Here, I'll offer a big list of specific examples to kickstart your own thinking and observations. Once you know your patterns, you'll need a "when-then" self-care plan. Decide, "When I notice __, then I'll do ___ ."

You may notice that many of these examples are signs your capacity to self-regulate in minor ways is tapped out. You'll behave in ways that perpetuate your stress (make it worse) because small amounts of self-regulation are more than you've got to give.

Signs of Stress

Expect you'll relate to some of these and not at all relate to others. As you read, consider grabbing a piece of paper and jotting down the numbers beside any that ring true for you.

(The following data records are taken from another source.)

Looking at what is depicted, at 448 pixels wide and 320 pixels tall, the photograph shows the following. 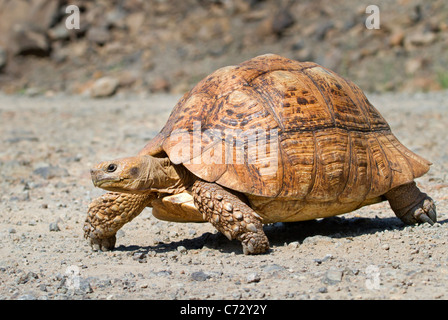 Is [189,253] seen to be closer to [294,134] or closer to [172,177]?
[172,177]

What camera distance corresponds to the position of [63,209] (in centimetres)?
579

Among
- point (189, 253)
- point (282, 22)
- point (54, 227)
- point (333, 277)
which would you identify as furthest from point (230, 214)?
point (282, 22)

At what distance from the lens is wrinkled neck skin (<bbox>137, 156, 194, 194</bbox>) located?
4.21 metres

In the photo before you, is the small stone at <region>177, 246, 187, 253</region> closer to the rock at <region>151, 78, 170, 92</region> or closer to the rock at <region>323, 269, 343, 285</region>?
the rock at <region>323, 269, 343, 285</region>

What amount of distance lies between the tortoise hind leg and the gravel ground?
0.12m

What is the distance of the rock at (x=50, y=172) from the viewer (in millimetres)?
6955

  1. You're forgetful—perhaps you don't make your list when you go shopping, or you leave your keys in your door after unlocking it.
  2. A noise you could usually tune out bothers you and makes it hard to concentrate.
  3. You don't take your daily medications or vitamins.
  4. You choose to eat food that's very easy to consume, like potato chips, rather than food that requires cutting and chewing.
  5. You put off tasks that would take under five minutes.
  6. You double handle things—for example, you read an email that only needs a two-sentence reply, but you decide you'll reply later, or you open a check but put it in a pile to deal with later rather than e-depositing it straight away.
  7. You endure physical discomfort unnecessarily, such as your heels are cracked, but instead of putting lotion on them, you put up with them hurting.
  8. You avoid accessing customer service, such as, you would like to call to ask for your internet bill to be lowered, but making the call feels like too much. Or, you don't return an item that's the wrong fit and keep it regardless.
  9. Fun does not seem fun; playing a game with your child, for instance, feels like a hassle.
  10. Your refrigerator ends up full of expired items or fruits and vegetables that have gone bad because you didn't get around to eating them.
  11. You feel jumpier—perhaps when driving, cars changing lanes around you feels anxiety-provoking.
  12. Cognitive tasks, like judging distance when crossing the road, seem to take more energy than usual.
  13. You're disorganized—for instance, you almost run out of gas, or you're inefficient in the ways you run errands.
  14. You buy food that's easy to consume (e.g., ice cream) and plan to consume a regular portion, but eat more than you planned.
  15. You put off committing to plans for no good reason.
  16. You feel slighted or misunderstood much more easily than usual. You personalize events and interactions more.
  17. You act against your values—e.g., throwing a recyclable container in the garbage because you can't be bothered washing it out.
  18. You use self-criticism to try to motivate yourself to do better.
  19. You have a strong urge to reduce overstimulation; perhaps you dream of spending a day in bed watching TV with the curtains closed.
  20. Even when other people try to support you, it feels like they never get it right enough. You still feel slightly irritated, even when people's intentions are good.

Tips

  • When you identify your own signs of stress, be specific. For example, don't just note "being forgetful." Rather, identify your most common examples of that.
  • Try self-care and self-compassion when you notice your signs. "Just do better" is not a self-care plan.
  • Part of self-compassion is recognizing you're not alone in experiencing these signs of stress. Don't beat up on yourself. It's not what will help.